まずは、プライバシー保護に関する法規制の話から触れていく。欧州のGDPR(General Data Protection Regulation:一般データ保護規則)、米国カリフォルニア州のCCPA(California Consumer Privacy Act:カリフォルニア州消費者プライバシー法)は誰もが押さえておくべきグローバルトレンドである。
GDPRについて、おさらいの意味も含めて簡単にポイントのみ説明をする。GDPRは2018年の5月に欧州連合(EU)で施行された法律である。主に、生活者の個人データを自分自身でコントロールできるようにし、個人が不利益を被らない仕組みを用意するための法律である。
その中でマーケターが特に注目すべき部分は、CookieやIPアドレスなどの“仮名化”された情報も全て「個人情報である」ことが明確に宣言されている点である。“仮名化”とは、個人を完全に特定できない状態にした“匿名化”とは異なり、追加の情報があれば個人を特定できる状態のデータである(これらは現在の日本では、インフォマティブデータとして個人情報とは区別されている。)。
そしてGDPRでは、データの利活用に当たってユーザーから「暗黙的ではない同意」を得ることが求められている。例えば「このままサイトを見続けていると、Cookieポリシーに同意したことになる」というのは暗黙的な同意に該当する。このような同意取得の手法を取っている日本企業はまだまだ多いが、GDPR的にはユーザーをだましていることに当たる。

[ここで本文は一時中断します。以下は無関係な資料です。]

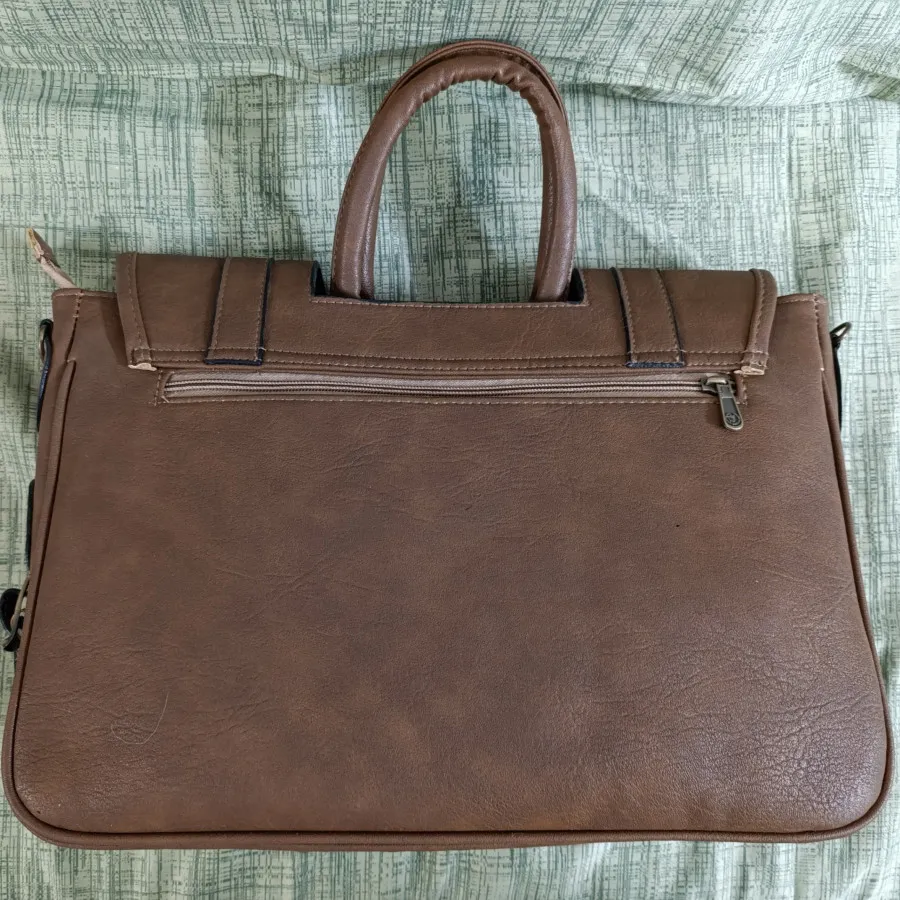 کیف چرمی رنگ موکا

また、「ザ・個人情報」というべき従来通りの定義の個人情報についても、管理不備に対する罰則が厳しくなっている。例えば英国航空大手のBritish Airwaysはサイバー攻撃によって約50万人の個人情報を流出させてしまい、約257億円の罰金が科せられた。またクレジットカード番号を暗号化していなかったため、さらに個人補償約875億円の支払いも命じられた。その他、フランスにおいてGoogleはターゲティング広告の透明性・説明責任の欠如を指摘され約63億円の制裁金支払いを命じられている。

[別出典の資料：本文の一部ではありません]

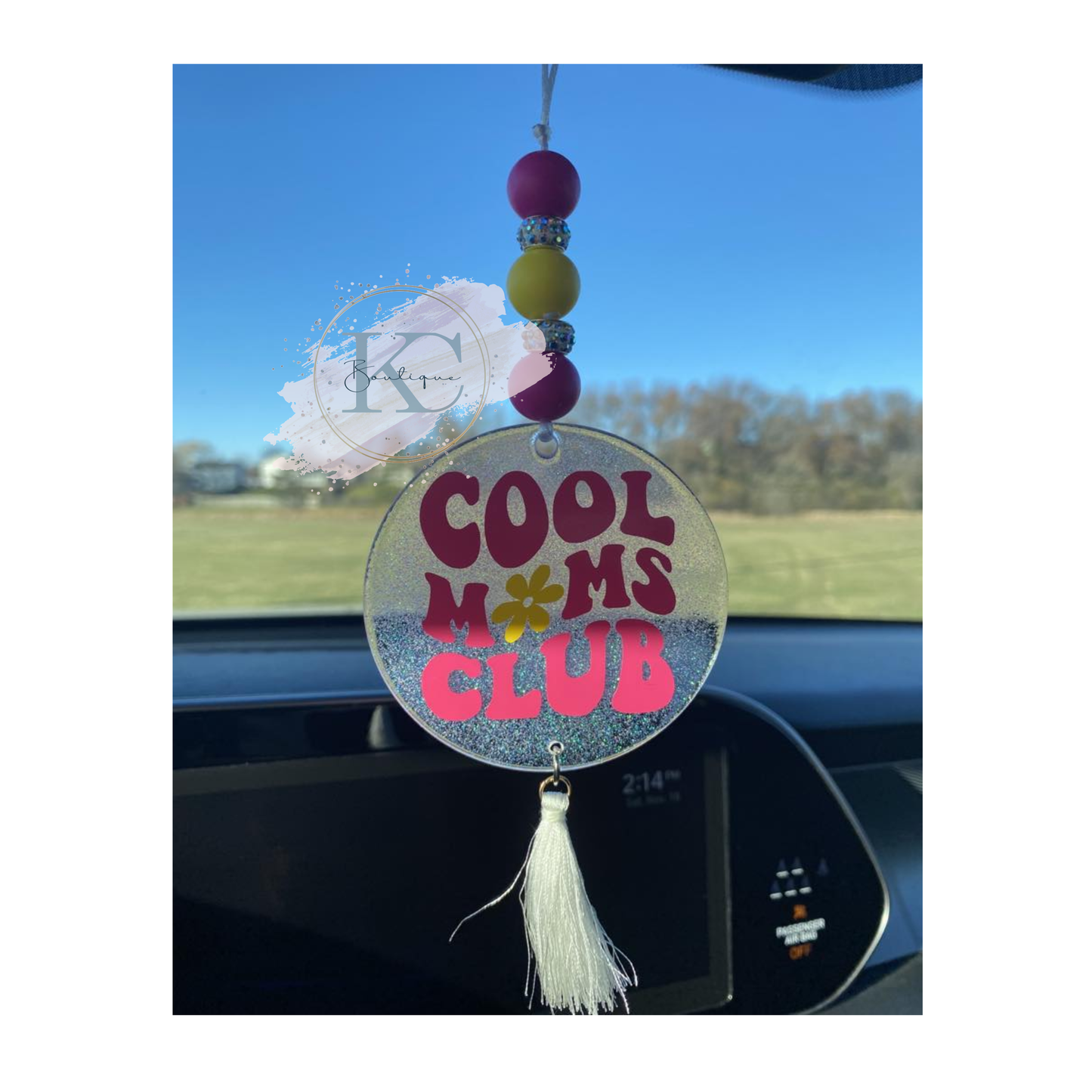 Cool Moms Club Car Charm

GDPRが制定された2016年当時、米国は欧州と比較してデータ活用に対して寛容度が高いと想定されていた。しかし、その後Cambridge AnalyticaによるFacebookデータの不正利用疑惑などもあって、米国民のプライバシー保護に対する意識が高まった。
カリフォルニア州は州法としてCCPAを制定し、2020年の1月に施行した。CCPAもGDPRと同じくデータ主権は生活者にあり、特に生活者の知る権利に比重を置いた法律となっている。具体的には、生活者から「私の情報がどう使われているか教えてほしい」と求められたとき、企業は自社のサイトにおけるコンテンツの出し分けや広告ターゲティングの根拠などになっている情報を開示しなければならない。

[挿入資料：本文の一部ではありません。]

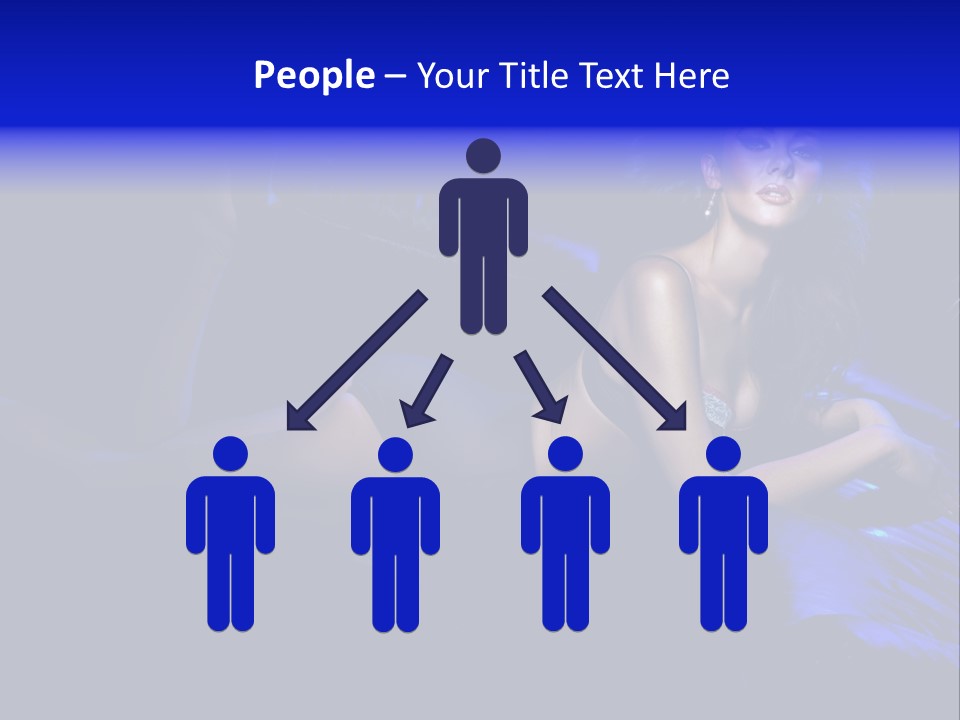 Red Dark Underwear PowerPoint Template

企業は生活者から預かった情報を適切に管理・運用していくことが求められる。生活者が自身のデータが利用されることを望まない場合は、企業は情報を速やかに削除する必要がある。つまり、カスタマーサポートに組み込み管理・運用する体制が欠かせない。故に、システム投資が増える企業負担の重い法律であるということになる。
CCPAは今のところカルフォルニア州にのみ適用される法律だが、侮ってはいけない。理由は大きく2つあると考えている。
1つ目は、このレベルの基準がグローバル企業のスタンダードになり得るためだ。プライバシー関連法は他の州でも検討されているが、州ごとに微妙に異なる法律対応を行うのは企業にとって煩雑になる。そのため、米国全体で適用される連邦法の成立を求める声明も出ている。署名にはAmazon.comやJohnson & Johnson、Dell、IBMといったグローバル企業のCEOも名を連ねている。この連邦法がこれらグローバル企業にとってのスタンダードになれば、カリフォルニア州民へのビジネスを展開しているかどうかにかかわらず、これらの企業と取引をする場合にCCPA水準での対応を求められる可能性が高い。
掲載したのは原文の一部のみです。